### HOW TO COMPLETE THIS TASK
Go through the lines below and repeat each one exactly, skipping pictures.

### DATASET SECTION
....................
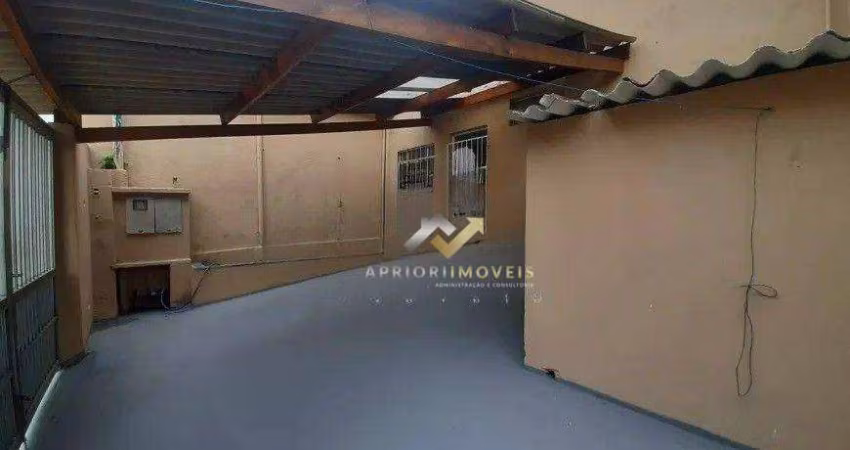 Casa com 2 dormitórios para alugar, 140 m² por R$ 2.300,00/mês - Silveira - Santo André/SP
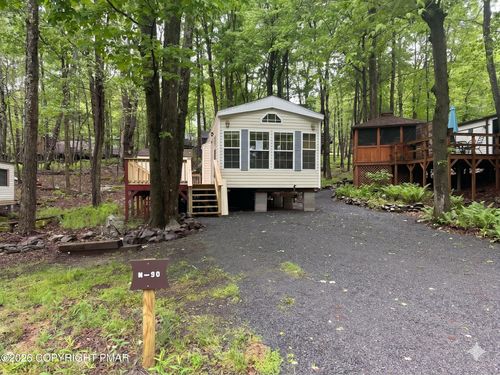 90 Earth Dr, Gouldsboro, PA, 18424 | Card Image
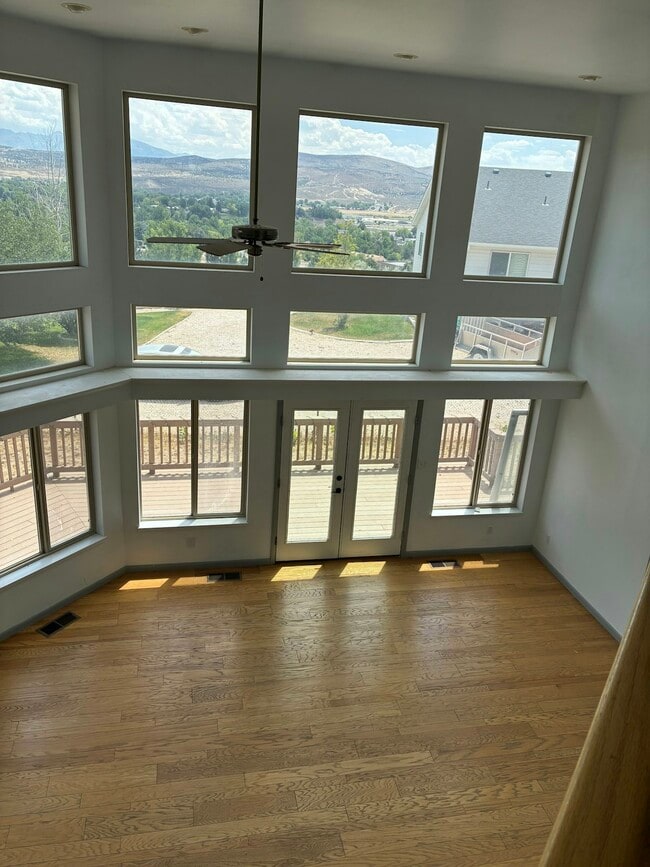 Building Photo - 2092 Colonial Dr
....................
### TASK OUTPUT
 Casa com 2 dormitórios para alugar, 140 m² por R$ 2.300,00/mês - Silveira - Santo André/SP
 90 Earth Dr, Gouldsboro, PA, 18424 | Card Image
 Building Photo - 2092 Colonial Dr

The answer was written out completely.